El martes por la mañana Gaby bajó la cuesta de Beacon y por el puente de Fiedler fue a la Explanada donde había comenzado todo. Al borde del río abrió el bolso y sacó la cajita de las píldoras. La tiró todo lo fuerte que pudo, y la madreperla falsa relució al sol antes de tocar el agua. La había tirado muy mal, pero era lo mismo. Se sentó en un banco, junto al agua, y le agradó la idea de que la cajita, en el agua lenta del Charles, seria quizá tanteada curiosamente por algún pez o alguna tortuga. Tal vez la marea la llevase al puerto de Boston, y, en tiempos futuros, alguien la encontrara en la orilla, entre almejas y erizos de mar y un caparazón de cangrejo y la mandíbula de una lija y un botellín de «Coca-Cola» pulido por la arena, y acabara siendo puesta en una vitrina, como reliquia del homo sapiens antiguo, del ya lejano siglo XX.

Aquella tarde, como intuyendo que iba a ser un regalo de boda, Bertha Krol llamó por primera vez a su puerta y devolvió la planta de aguacate con el mismo silencio con que la había aceptado. No había tirado el aguacate por la ventana.

Además, el follaje ya no estaba agostado, aunque fue imposible conseguir que dijera una palabra cuando Gaby le preguntó si le había dado algo. Adam pensaba que la había regado con cerveza.

Se casaron el jueves por la mañana, siendo los padrinos Spurgeon y Dorothy. Al volver a casa desde el Ayuntamiento, lo primero que hizo Gaby fue arrancar del buzón la cinta que llevaba su apellido de soltera. En su lugar quedó una marca pálida, no pintada por el tiempo, que ella contempló con afecto mientras siguieron viviendo en el apartamento de la calle de Phillips.

Poco después estando Adam una noche en el laboratorio de experimentación de animales, entró Kender a tomar una taza de café.

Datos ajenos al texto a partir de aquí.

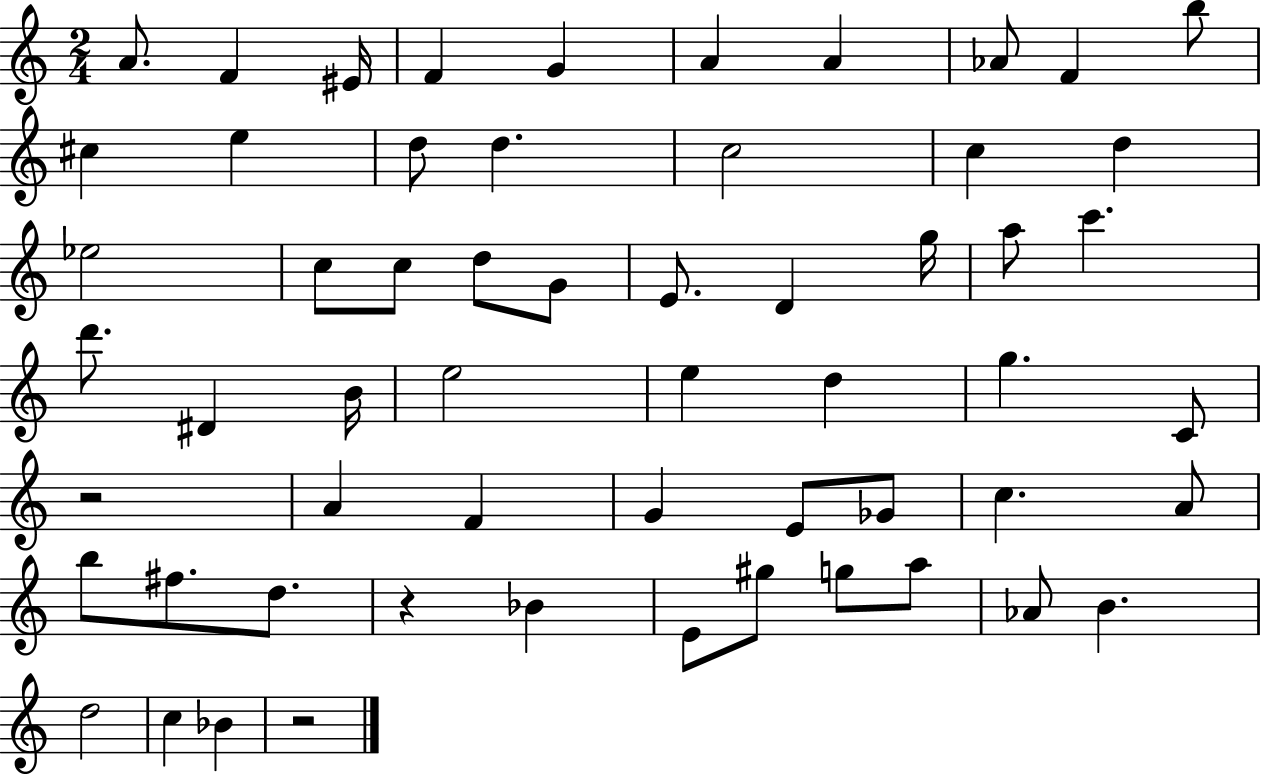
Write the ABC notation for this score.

X:1
T:Untitled
M:2/4
L:1/4
K:C
A/2 F ^E/4 F G A A _A/2 F b/2 ^c e d/2 d c2 c d _e2 c/2 c/2 d/2 G/2 E/2 D g/4 a/2 c' d'/2 ^D B/4 e2 e d g C/2 z2 A F G E/2 _G/2 c A/2 b/2 ^f/2 d/2 z _B E/2 ^g/2 g/2 a/2 _A/2 B d2 c _B z2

—¿Recuerda usted una conversación que tuvimos una vez acerca de mantener con vida al paciente condenado a morir? —preguntó Adam.

—Sí —respondió Kender.

—Pues quería decirle que he cambiado de opinión.

Los ojos de Kender expresaron interés, y asintió, pero no le preguntó el motivo.

Siguieron allí sentados, tomando café en amigable silencio. Adam se contuvo y no le preguntó sobre el puesto de la Facultad; ahora no sólo lo deseaba desesperadamente, sino que lo necesitaba para poder seguir donde gente mejor que él podría defender la vida de Gaby con cuanto fuese necesario.